И, естественно, беспощадная борьба Вадима Белова против Козельского представлена как своего рода бла­городный подвиг во имя истины и добра.

В «Доме на набережной» ситуация в этом отноше­нии как бы повернута на 180 градусов. Участие Вадима Глебова в борьбе против профессора Ганчука оказыва­ется низким, подлым деянием, — хотя, в отличие от Бе­лова, Глебов не только не является инициатором «дела» Ганчука, но и выступает против профессора лишь под тяжким давлением других героев.

Тем не менее голос автора, оценивший Вадима Бе­лова безусловно положительно, оценивает Вадима Гле­бова столь же безусловно отрицательно.

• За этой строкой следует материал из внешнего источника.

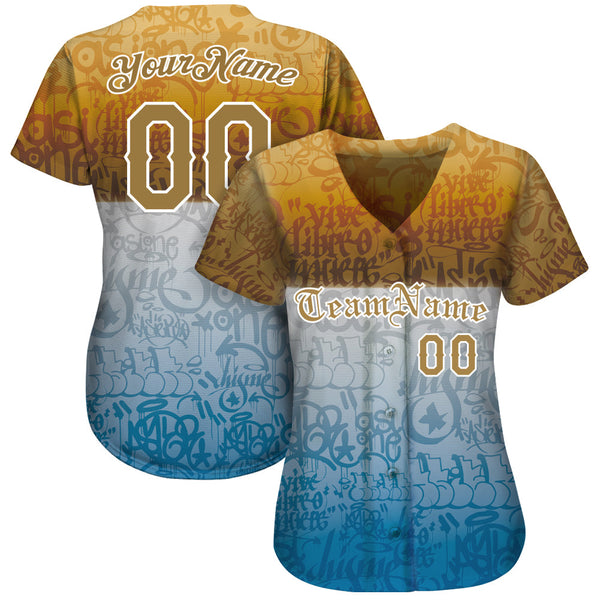 Custom Graffiti Pattern Gold-White 3D Chicano Authentic Baseball Jersey alternate
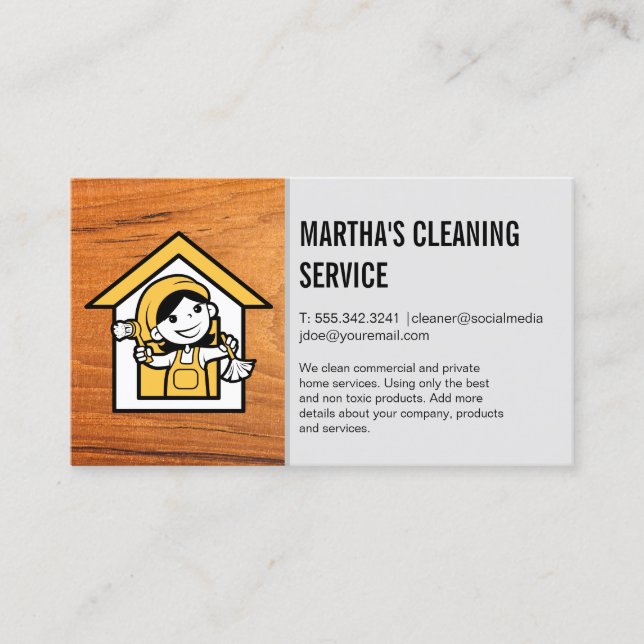 Cleaner Lady | Behaltend Dienstleistungen im Haus Visitenkarte (Vorderseite)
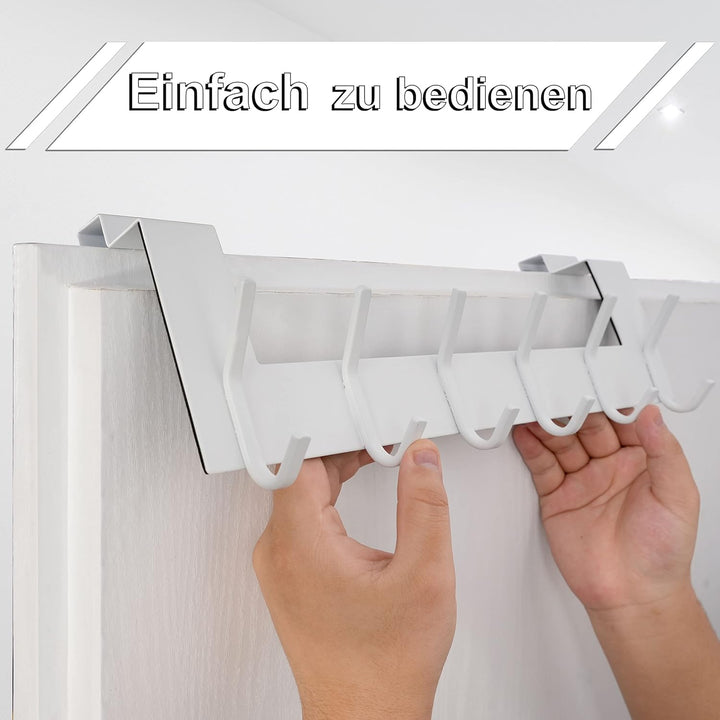 WEBI Türgarderobe mit 6 Haken,Türhaken zum Einhängen,Türaufhänger,Kleiderhaken Tür,Haken Tür,Türhake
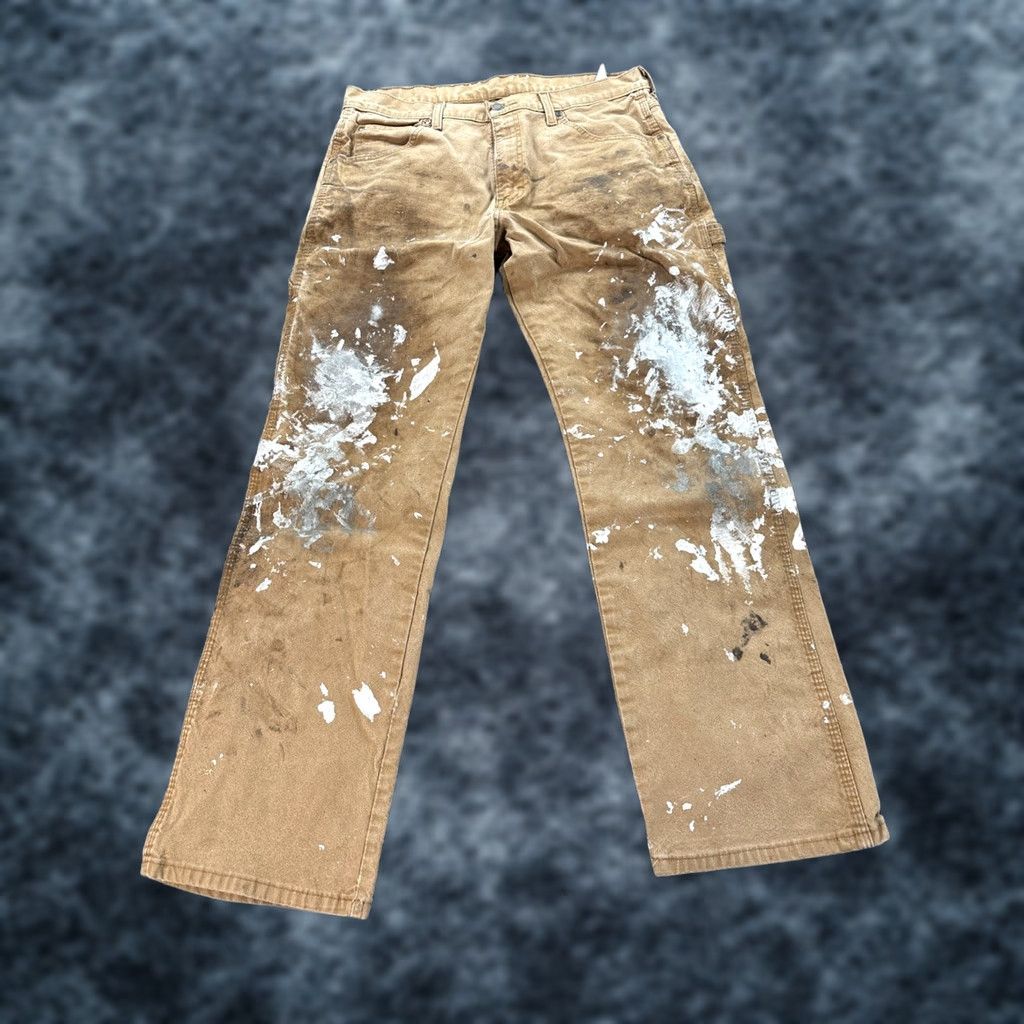 Dickies VINTAGE Dickies Carpenter Jeans 33x32 Brown Denim Distressed Workwear 90s Grunge Hip Hop Skater Mens X-Large Size US 33 - 1 Thumbnail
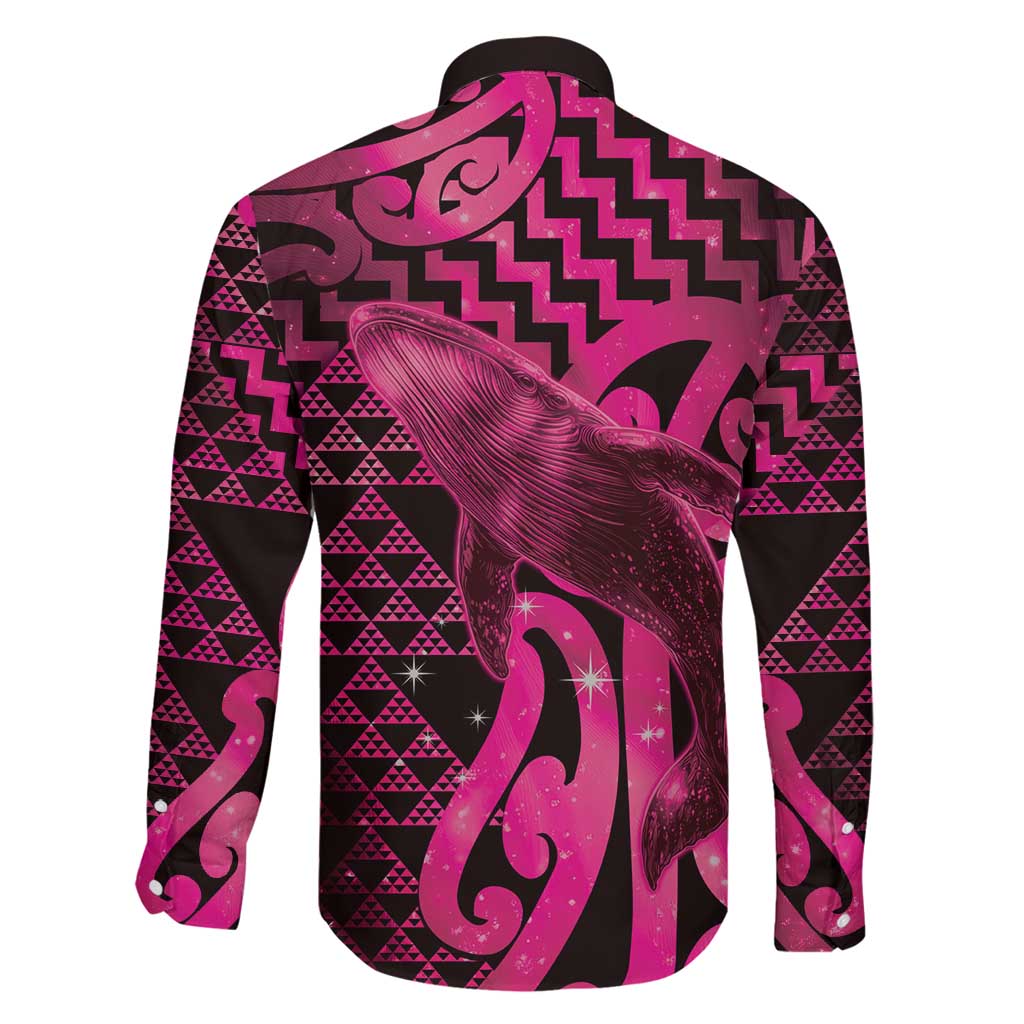 Humpback Whale Matariki New Zealand Family Matching Puletasi and Hawaiian Shirt NZ Maori Paikea Poutama Luxury Pink LT14 - Polynesian Pride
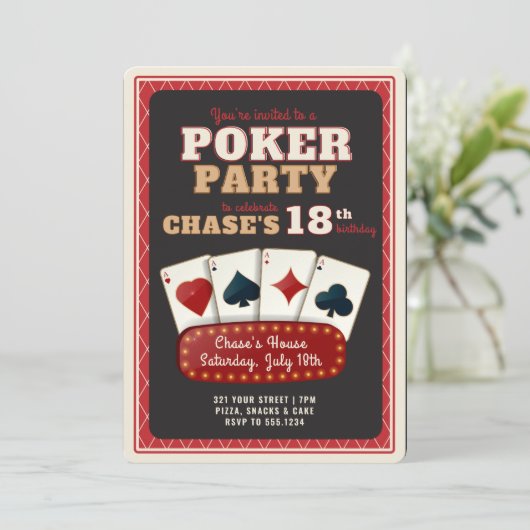 Uitnodiging voor pokerfeestje (Staand voorkant)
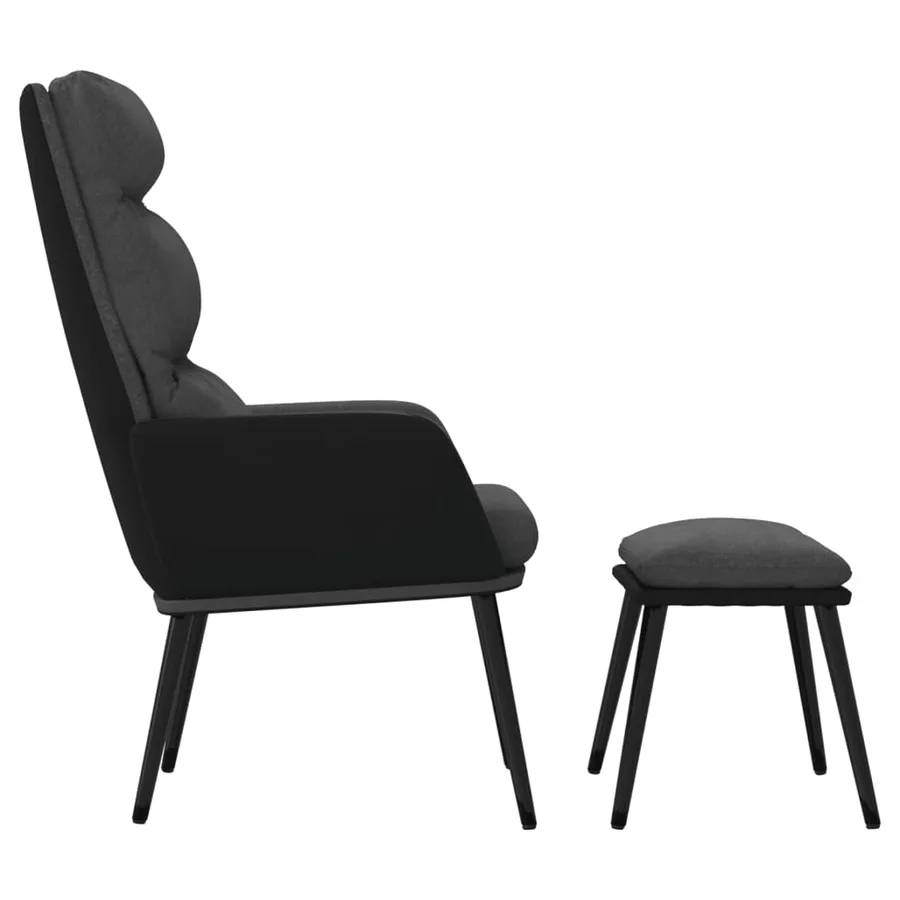 Chaise de relaxation avec tabouret Gris foncé Tissu similicuir - 4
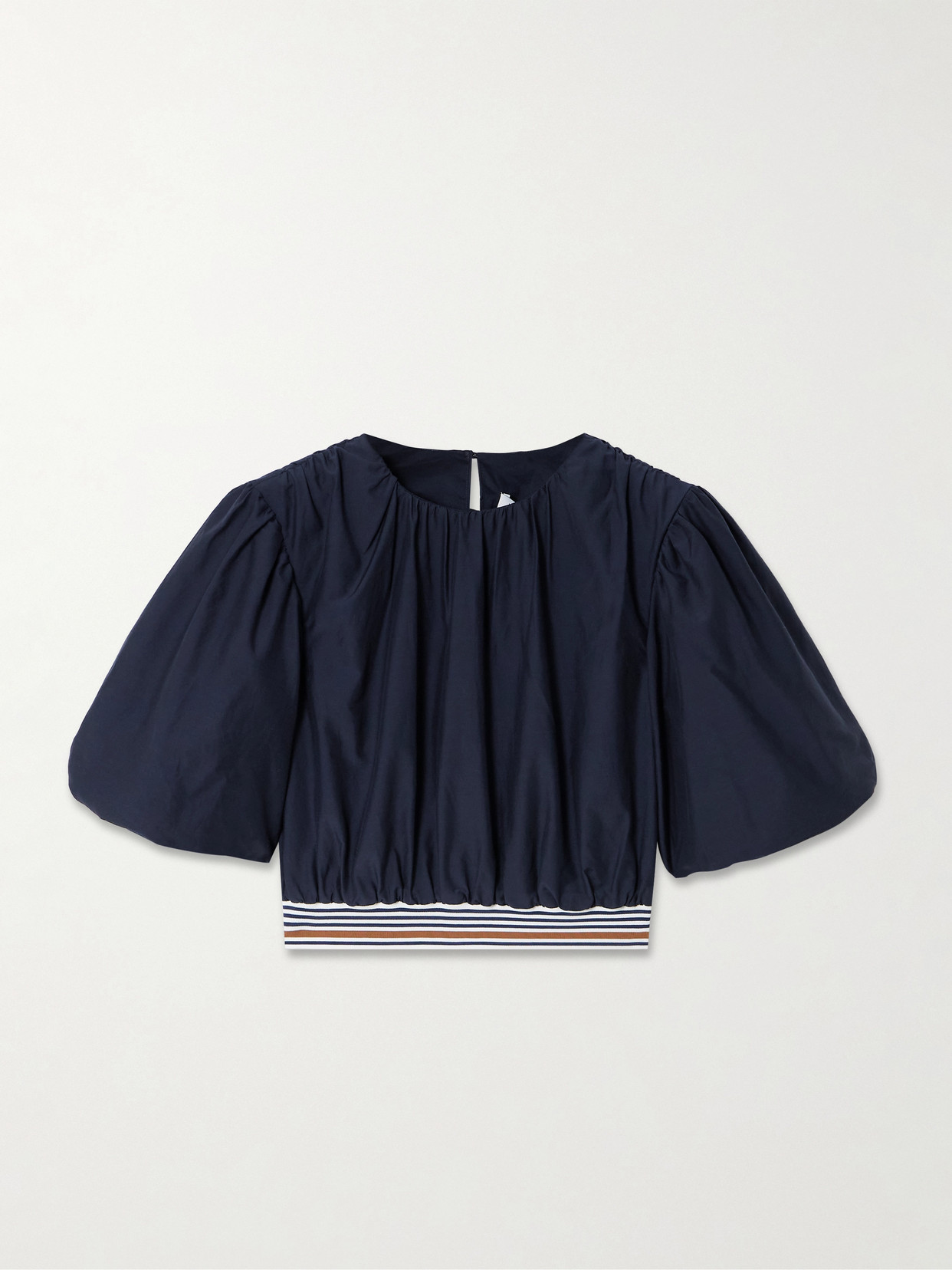 Veronica Beard Gabriela Cropped Striped Cotton And Silk-blend Blouse In Blue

Выше уже приводились нынешние слова Ю. Три­фонова о том, что он теперь даже не может читать свою давнюю повесть. В другом месте писатель расска­зывает, что «один аспирант, который пишет диссертацию о моих вещах», сообщил ему: «Вы знаете, я сейчас пе­речитал «Студенты», и это хорошая, искренняя книга». «Я был, признаться, удивлен»,— отмечает Ю. Трифонов и добавляет: «Отказываться от своих книг нельзя. Но можно удаляться от них. Иногда — очень далеко... Один мой приятель-поэт говорил: «Трифонов оттаивает вместе со временем»... Эволюция действительно происходила, и довольно существенная; она... связана со многими событиями того времени, которое мы пережили» [8].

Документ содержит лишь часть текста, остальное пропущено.